The gist (I think) was that he was home on Saturday, and then came back here. The next day he phoned his wife and talked to his dog, too, who directly went and got her bone, but was sad because her best friend(i.e., Super Newf) was gone. He said the first night he got home, he and his wife went to bed (yes, we were that deep into the conversation that quickly), and the dog crawled up between them, snuggled in, as much to say, 'That's as far as you are gonna get!' I think he also said he missed them. He seemed really nice but Lord Almighty, his accent was thick. It's nice that he misses his dog. I'm sure he misses his wife, too.
So we watched the road stuff for awhile and I think we made them self-conscious because they all came over and chatted for awhile. We were just kind of amazed at actually how good they are at what they do. One guy operates the big scooper machine (I don't know what it's called but it looks like it's got a big fist / hand on the front that scoops stuff) and he is pretty brave because sometimes his machine perches precariously over cliff-like drops (at least, it seems so, to me). In addition, he picks up stuff like massive pipes and places them down exactly where they are needed, e.g., that 20' pipe needs to lay on that 4" piece of metal and across that bucket. And he just does it. And if he is off by an inch, he just taps it into place with the scoop, as if the scoop is a broom. No big deal. I can't even do that with a broom. If you don't know anything about heavy machinery, let me educate you: that guy is a big deal. He knows what he is doing and he does it well.
We asked about various worst-case-scenarios regarding the weather and hold-up time regarding getting the work finished, but it looks like the end of October before our road will be normal again. I am going to start wearing colour-blocked shirts and a black cape so that I can really be like Fred / Batman. Maybe I will sit under our front tree with my guitar, too.
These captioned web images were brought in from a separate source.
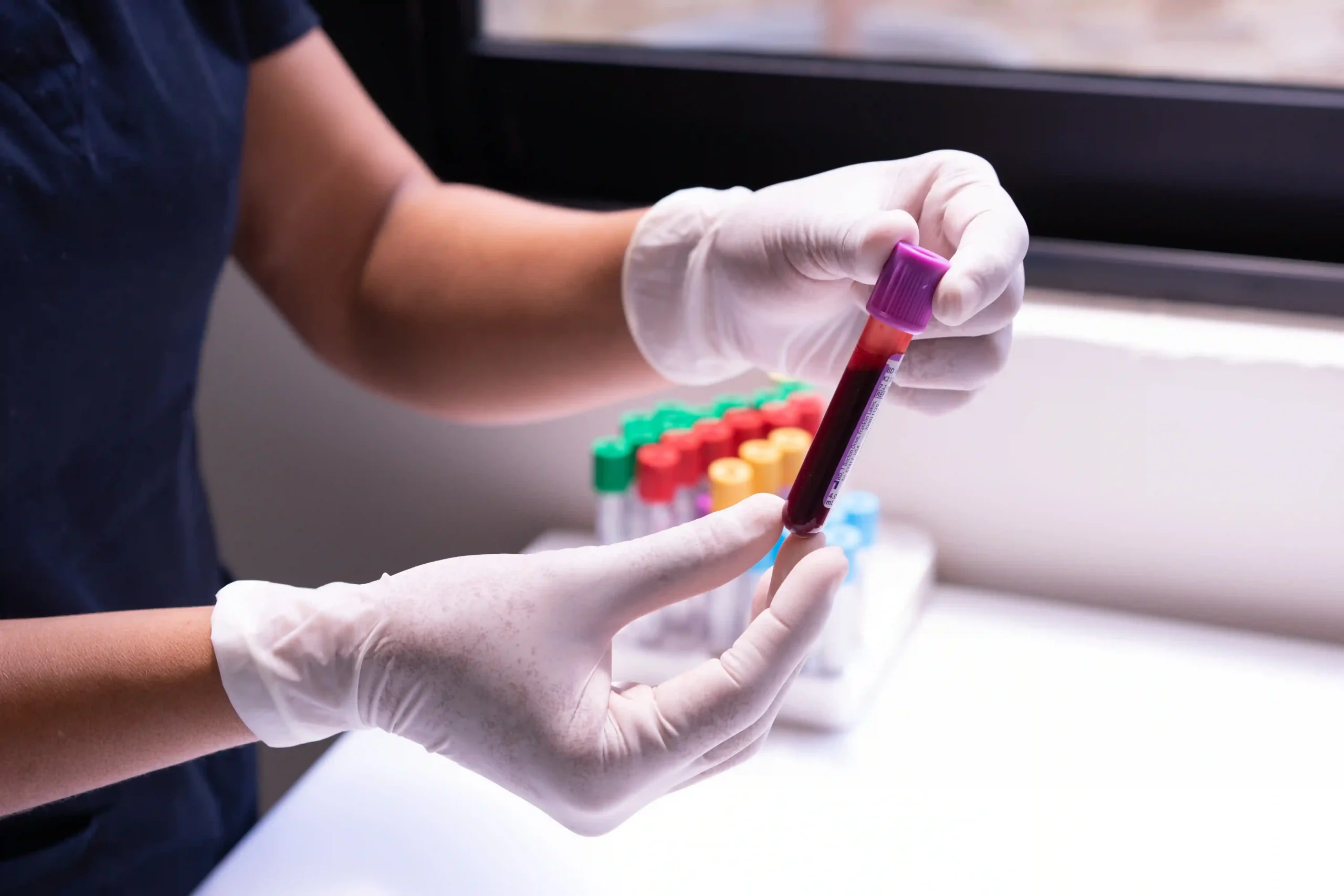 profissional de saúde segurando tubo de coleta de sangue para análise relacionada à saúde metabólica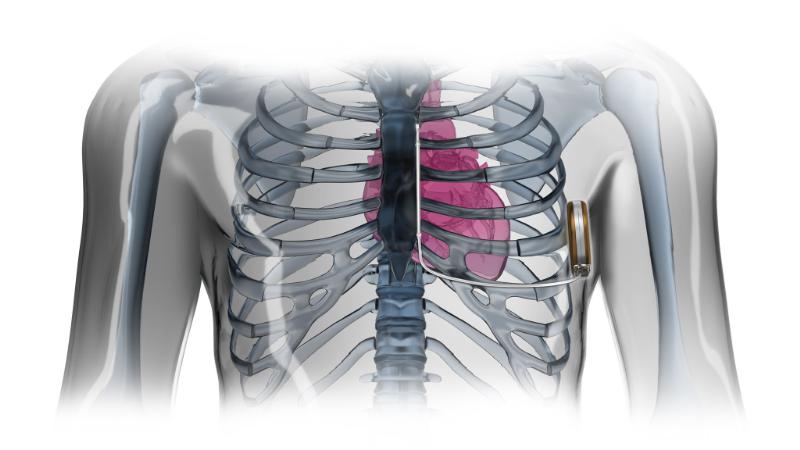 Boston Scientific Begins Expansion of S-ICD System in Asia | DAIC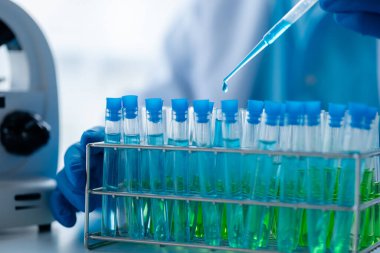 Laboratuvar asistanı, tıp bilimcisi, kimya araştırmacısı kan örneğinde cam bir tüp tutuyor, kimyasal bir deney yapıyor ve hastanın kan örneğini inceliyor. Tıp ve araştırma konsepti.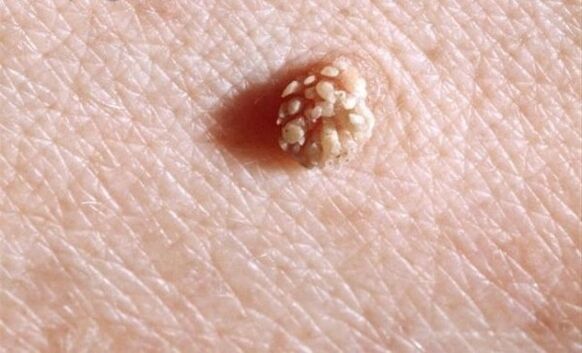 Papilloma sobre o corpo humano
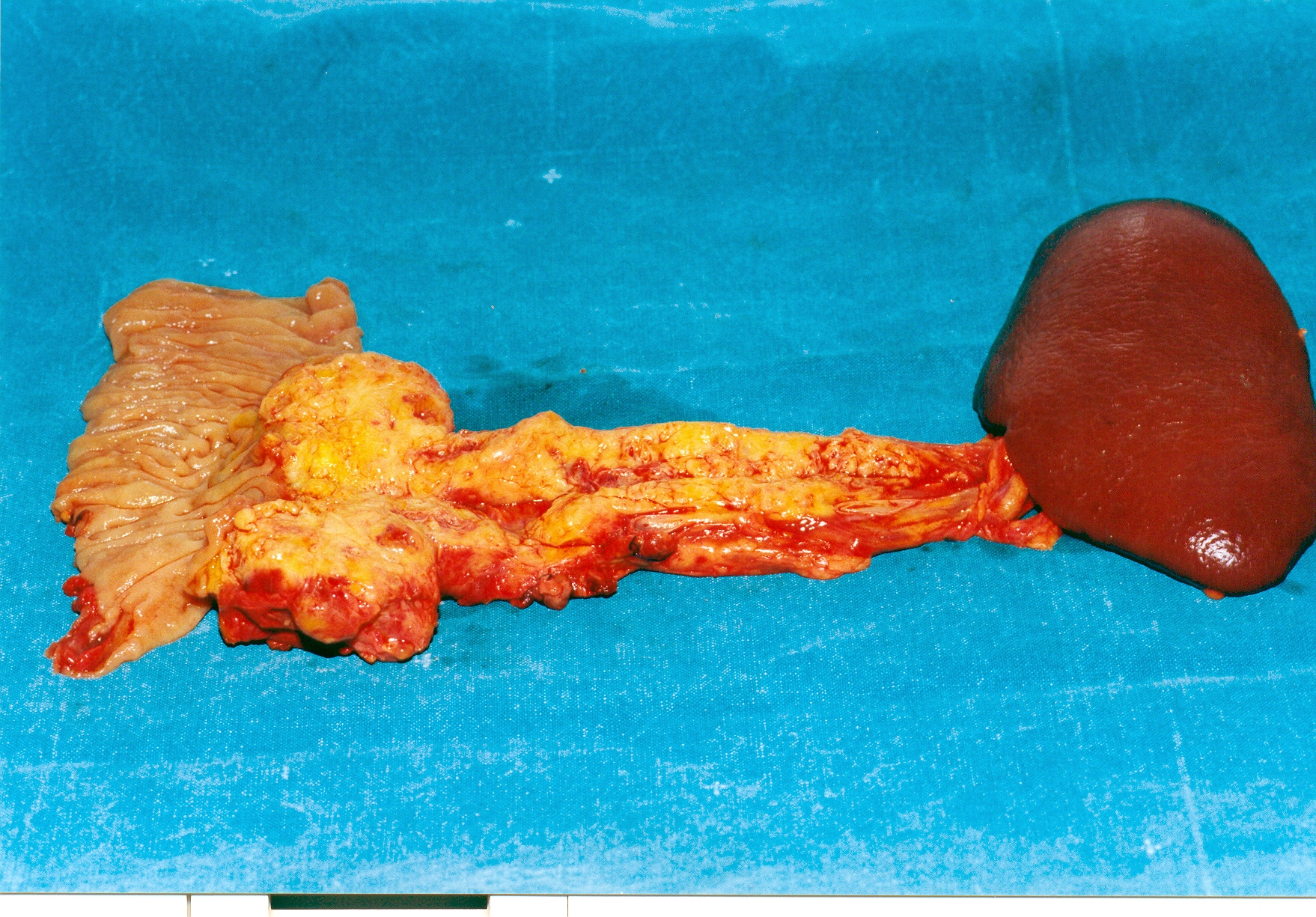 Total pancreatectomy specimen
Anyway, they got our water all straightened away and we came back into the house, since our curiosity was kind of satisfied. I'm trying to be patient; no fighting, no dramatics and no histrionics although I truly hate having to walk though trees and mud and grass in order to get to my vehicle before I can drive it through a construction site in order to go to work.
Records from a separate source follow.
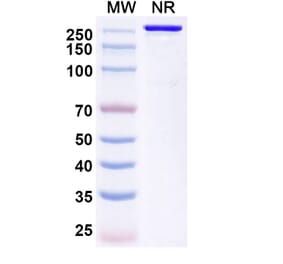 SDS-PAGE - Trinbelimab Biosimilar - Anti-RhD Antibody - BSA and Azide free (A339172) - Antibodies.com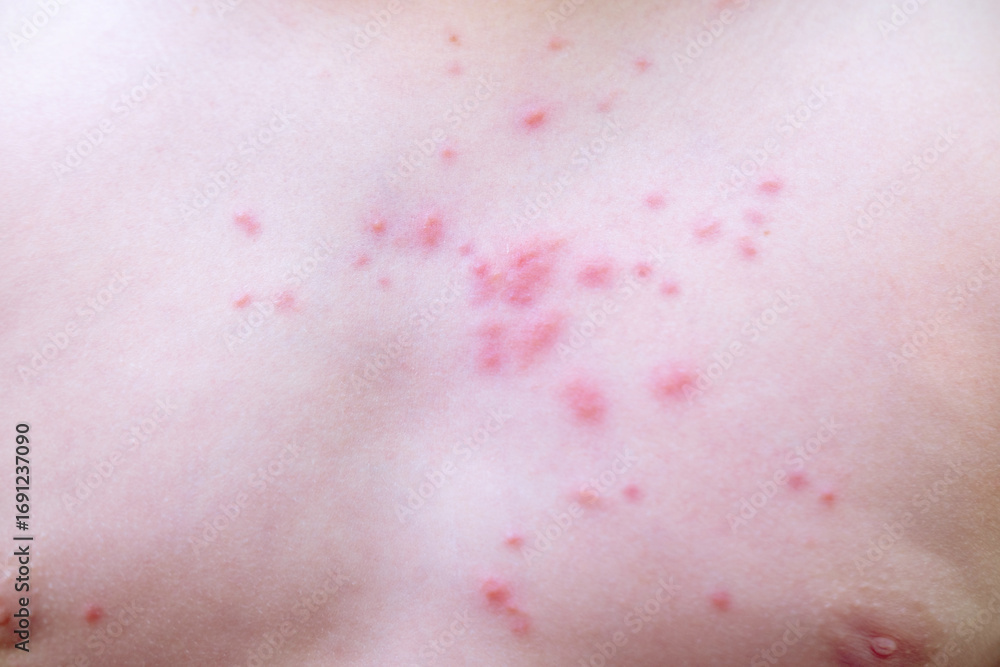 human skin covered in red, itchy rash, 11-year-old child with rash on ...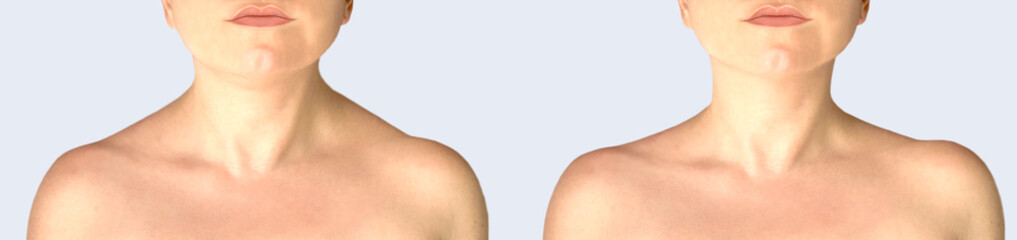 front of neck and shouledrs before and after botulinum toxin.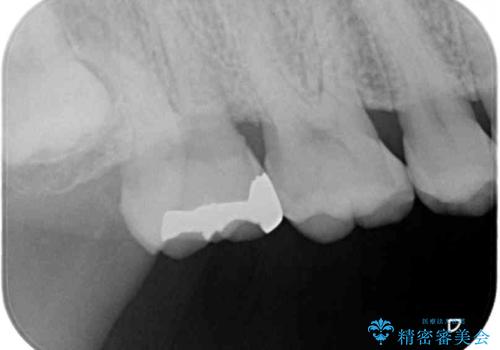 強い咬合力で生じた亀裂からむし歯に　奥歯のゴールドインレー治療の治療前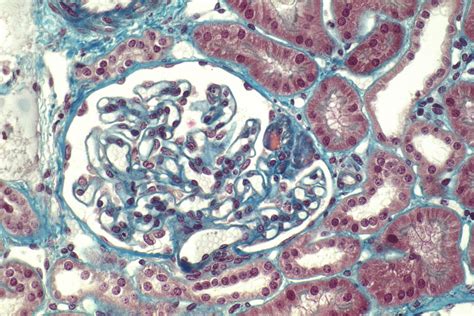 novel drug shows promise for fsgs renal and urology news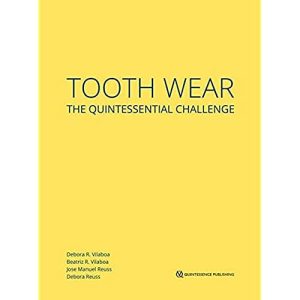 Tooth Wear: The Quintessential Challenge (EPUB)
I also hate having to search for parking in a field since it kind of feels like I am in 1969, at Woodstock, waiting for the crowd to arrive. But who is saying anything about that? Not me. I'm being patient.
Also, I like having no electricity and no water sometimes. It makes me appreciate them all the more when I do have those luxuries. Who cares about drinking water, heat and bathing, anyway? They are overrated.
But I am not fighting. I am sitting here, caged in, not feeling claustrophobic at all, just hanging out on my couch, on my caged-in street. Where I have to run three houses down and through a back yard and through a park to get to my vehicle.
No big deal. They'll be done in 6 weeks.